Moreover, the ALJ's failure in this instance does not constitute harmless error because the testimony of plaintiff's father corroborates plaintiff's testimony, which the ALJ rejected without providing legitimate reasons (see infra). See Booz v. Sec'y of Health and Human Serv., 734 F.2d 1378, 1381 (9th Cir. 1984) (holding that the test for determining whether an error is harmless is "whether there is a reasonable possibility that [the new evidence] would have changed the outcome of the present case"). Indeed, plaintiff's father's testimony lends some support to plaintiff's testimony regarding his inability to work. Moreover, plaintiff's father's testimony that plaintiff must "be constantly supervised" is more restrictive than the limitation in plaintiff's RFC as determined by the ALJ that plaintiff "needs supervision to be reminded to stay on task every couple of hours." Thus, the Court cannot confidently conclude that no reasonable ALJ, if crediting plaintiff's father's lay witness testimony, would have reached a different disability determination. See Ellison v. Astrue, 2008 WL 4425764, at *5 (C.D. Cal. Sept. 29, 2008) ("'[W]here the ALJ's error lies in a failure to properly discuss competent lay testimony favorable to the [plaintiff], a reviewing court cannot consider the error harmless unless it can confidently conclude that no reasonable ALJ, when fully crediting the testimony, could have reached a different disability determination.") (citing Stout, 454 F.3d at 1056). Accordingly, remand is warranted on this issue.
C. PLAINTIFF'S SUBJECTIVE SYMPTOM TESTIMONY
Plaintiff contends that the ALJ failed to properly evaluate his subjective symptom testimony. [JS at 21-29.]
"To determine whether a claimant's testimony regarding subjective pain or symptoms is credible, an ALJ must engage in a two-step analysis." Lingenfelter v. Astrue, 504 F.3d 1028, 1035-36 (9th Cir. 2007). "First, the ALJ must determine whether the claimant has presented objective medical evidence of an underlying impairment 'which could reasonably be expected to produce the pain or other symptoms alleged.'" Id. (quoting Bunnell v. Sullivan, 947 F.2d 341, 344 (9th Cir. 1991) (en banc)). Second, if the claimant meets the first test, the ALJ may only reject the claimant's testimony about the severity of his symptoms upon (1) finding evidence affirmatively suggesting that the claimant was malingering, or (2) offering specific, clear and convincing reasons for doing so. See Dodrill, 12 F.3d at 918 (9th Cir. 1999); see also Lingenfelter, 504 F.3d at 1036; Benton v. Barnhart, 331 F.3d 1030, 1040 (9th Cir. 2003). The factors to be considered in weighing a claimant's credibility include: (1) the claimant's reputation for truthfulness; (2) inconsistencies either in the claimant's testimony or between the claimant's testimony and his conduct; (3) the claimant's daily activities; (4) the claimant's work record; and (5) testimony from physicians and third parties concerning the nature, severity, and effect of the symptoms of which the claimant complains. See Thomas v. Barnhart, 278 F.3d 947, 958-59 (9th Cir. 2002); see also 20 C.F.R. §§ 404.1529(c), 416.929(c). If properly supported, the ALJ's credibility determination is entitled to "great deference." See Green v. Heckler, 803 F.2d 528, 532 (9th Cir. 1986).

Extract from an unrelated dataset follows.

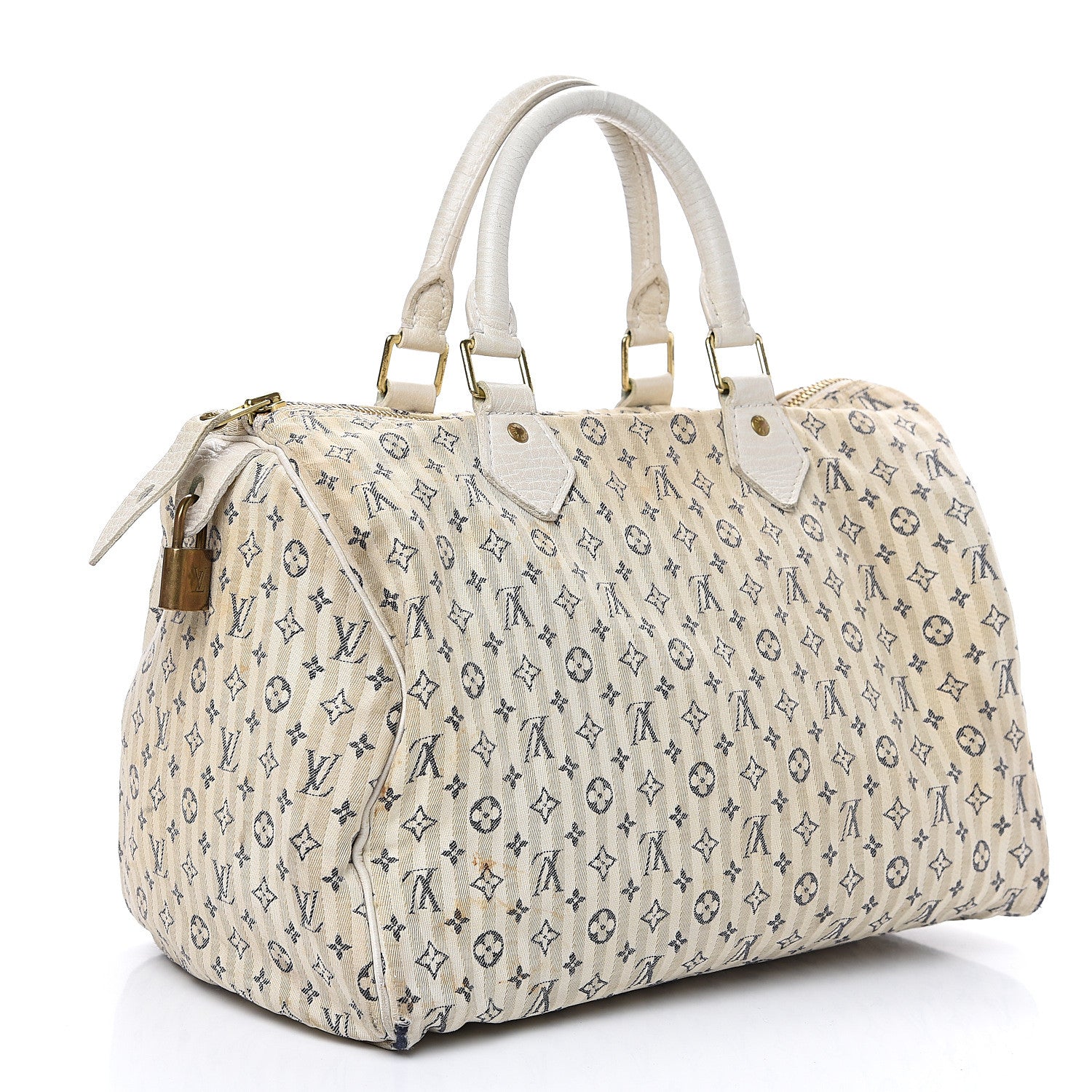 Louis Vuitton Mini Lin Croisette Speedy 30 Blue 2 of 19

At the administrative hearing, plaintiff testified that he has daily problems with concentration, that he is very easily distracted, and that his "mind [is] like a TV set that's being changed constantly." [AR at 53-54.] He also has trouble sleeping because his mind is active at night. [AR at 54.] Plaintiff further testified that he is "always thinking that somebody's after [him]"; that he looks over his shoulder constantly, even at home; and that he thinks "all the time" that "something might happen" to him or that he "might die." [AR at 47-48.] Plaintiff stated that he has visual hallucinations where he sees things "like clowns"; hears voices calling his name; and is "always running out the door, saying, hey, who's calling me?" [AR at 45-46.] Plaintiff reported that he does not "go out" because he does not "get along with other people" and "always think[s] that ... they're talking trash or something." [AR at 35.] Plaintiff also reported that he has "a very short fuse" and can "just blow up at [someone he is talking to] for no reason." [AR at 50.] Plaintiff testified that he "get[s] depressed quite often" and has tried to harm himself more than 20 times, but also testified that he has not "cut" himself since he started living with his parents about two years prior to the hearing. [AR at 51.]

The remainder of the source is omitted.